## Your objective
Transcribe the listing that follows in full, exactly, and drop its images.

## Data block

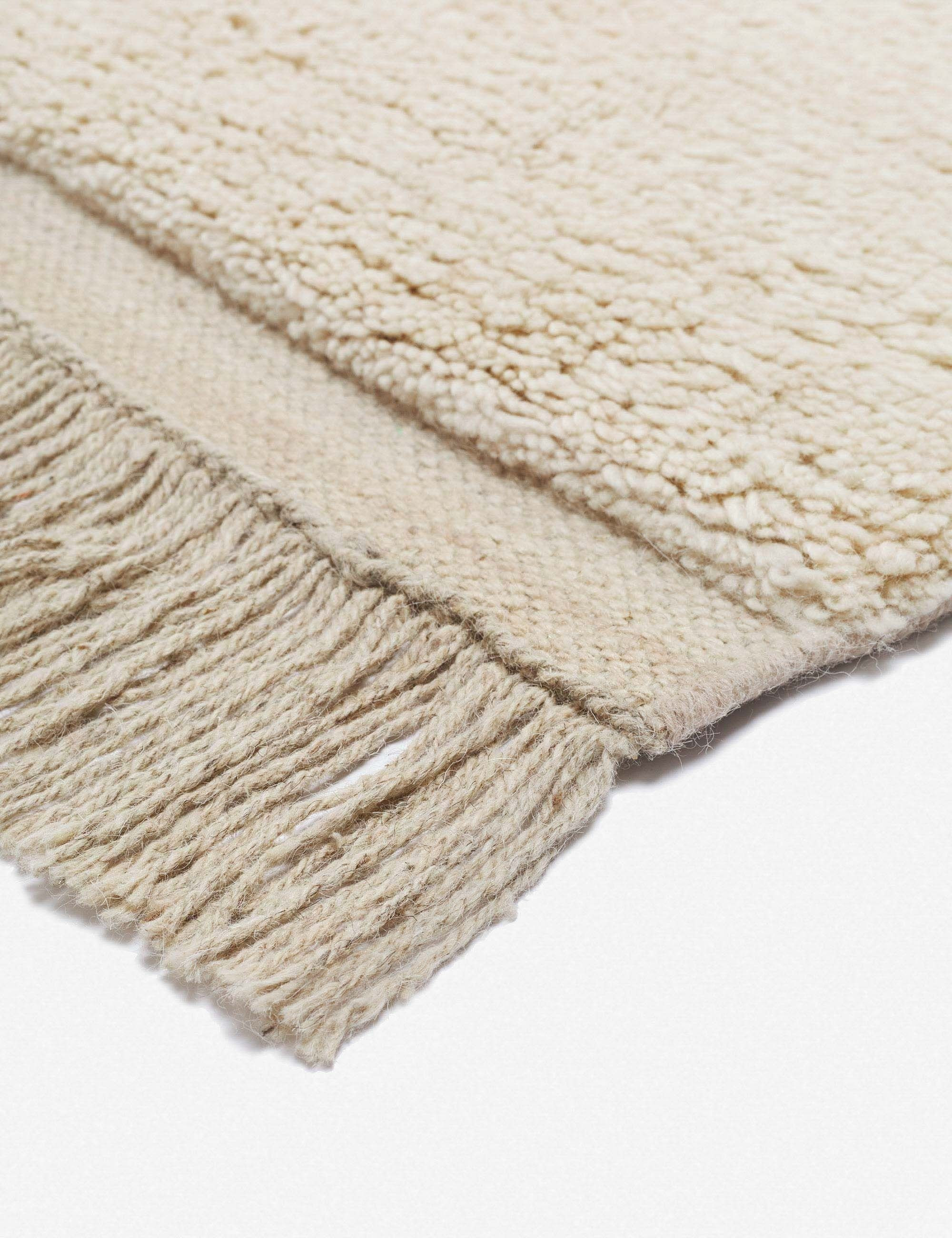 Amir Moroccan Shag Rug, Natural | Lulu and Georgia 
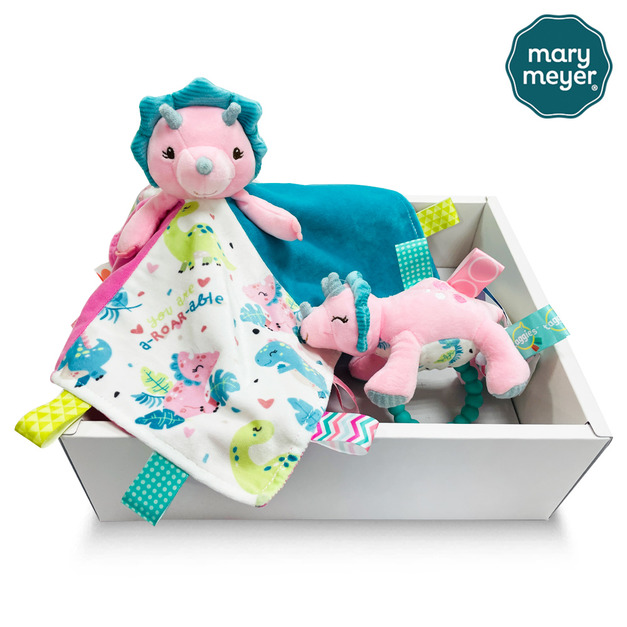 【MaryMeyer】跳跳角角龍經典禮盒（手搖鈴＋安撫巾）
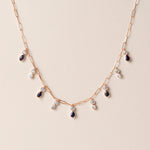 Ondina Blue Sapphire Necklace Necklace ABN-180-BSD-5  - Abtin & Co.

## Completed exercise
 Amir Moroccan Shag Rug, Natural | Lulu and Georgia 
 【MaryMeyer】跳跳角角龍經典禮盒（手搖鈴＋安撫巾）
 Ondina Blue Sapphire Necklace Necklace ABN-180-BSD-5  - Abtin & Co.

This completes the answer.